Trudeau also told CNBC, “I think we have to understand that trade is ultimately good, not just for our countries, but for our businesses and our workers. I’m not worried that we’re going to suddenly reopen NAFTA or other trade deals: The challenge is once you reopen it a little bit, they all tend to unravel, and it’s too important for both of our economies to continue to have a strong trading relationship.”
This would suggest that Trudeau would not be open to the idea that the investor-state dispute settlement (ISDS) provision in NAFTA should be renegotiated, despite the recent US$15 billion ISDS challenge by Calgary-based TransCanada against the US for rejecting the 830,000 barrel per day Keystone XL tar sands pipeline, nor the ISDS amendments Canada has endorsed in the yet-to-be-ratified Canada-European Union Comprehensive Economic and Trade Agreement (CETA).
And in response to a question about the Trans-Pacific Partnership, Trudeau stated, “In our conversations with Canadians, with industries which are ongoing, there are a lot of people in favour of it and there are a few who have real concerns and we’re looking at understanding and allaying certain fears and building on some of the opportunities.”
But Trudeau’s take on how Canadians feel about the TPP runs contrary to what the polls are saying.
An EKOS poll in October 2015 found that 41 per cent of Canadians support the TPP, while 38 per cent oppose it.

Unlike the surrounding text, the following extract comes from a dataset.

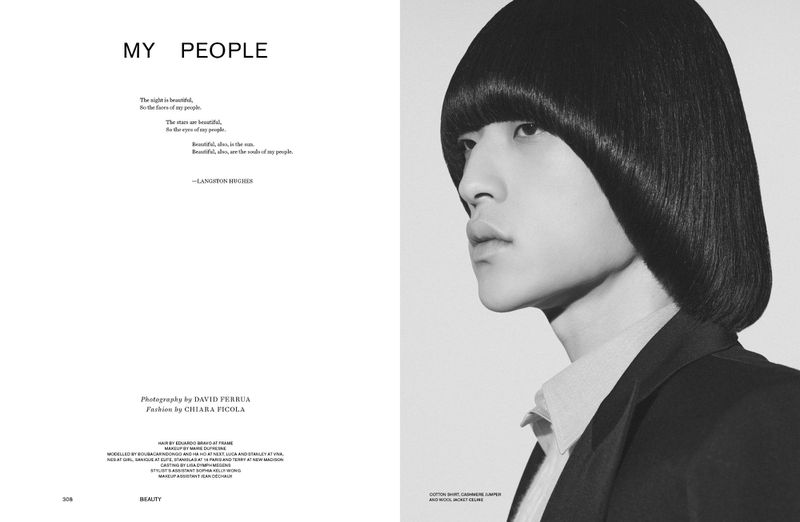 Black and white editorial double-page spread featuring a male model with a blunt bowl-cut hairstyle wearing a dark jacket.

An Angus Reid Institute poll this February found that 32 per cent of Canadians support joining the TPP, 20 per cent oppose it, and 49 per cent do not have an opinion.
That is at best lukewarm support for the deal and the gap widens significantly on specific questions. The EKOS poll found:
– 61 per cent say the TPP will mean job losses in Canada (24 per cent disagree)
– 49 per cent say it will mean greater income inequality in Canada (30 per cent disagree)
– 45 per cent say it mean environmental damage in Canada (36 per cent disagree)
– 72 per cent say it won’t mean higher wages in Canada (11 per cent disagree)
Trudeau’s views are also in contrast to both Bernie Sanders and Donald Trump who oppose the TPP and who have described NAFTA as a disaster.
Thomas Frank recently commented in The Guardian, “To judge by how much time he spent talking about it, trade may be [Donald Trump’s] single biggest concern – not white supremacy. Not even his plan to build a wall along the Mexican border, the issue that first won him political fame. …It seems to obsess him: the destructive free-trade deals our leaders have made, the many companies that have moved their production facilities to other lands, the phone calls he will make to those companies’ CEOs in order to threaten them with steep tariffs unless they move back to the US.”
Frank then notes, “I have no special reason to doubt the suspicion that Donald Trump is a racist. Either he is one, or (as the comedian John Oliver puts it) he is pretending to be one, which amounts to the same thing. But there is another way to interpret the Trump phenomenon. A map of his support may coordinate with racist Google searches, but it coordinates even better with deindustrialization and despair, with the zones of economic misery that 30 years of Washington’s free-market consensus have brought the rest of America. …The obvious reality [is that] Trumpism is just a crude and ugly expression: that neoliberalism has well and truly failed.”
Trudeau may see ‘political posturing in the election cycle’, but Council of Canadians trade campaigner Sujata Dey has commented, “In Europe, many of the right-wing parties such as France’s Front National or Poland’s Law and Justice Party are opposing free trade agreements. At the same time, from the left of the spectrum, voices such as Bernie Sanders and Jeremy Corbyn are also targeting free trade. …In the meantime, the centre and centre-left fail to gain steam. There is a reason for this. It is important for all political parties to address these issues. Inequality, whether determined by income, gender, race, disability or sexual orientation, is very much alive. And these deals are not making it better.”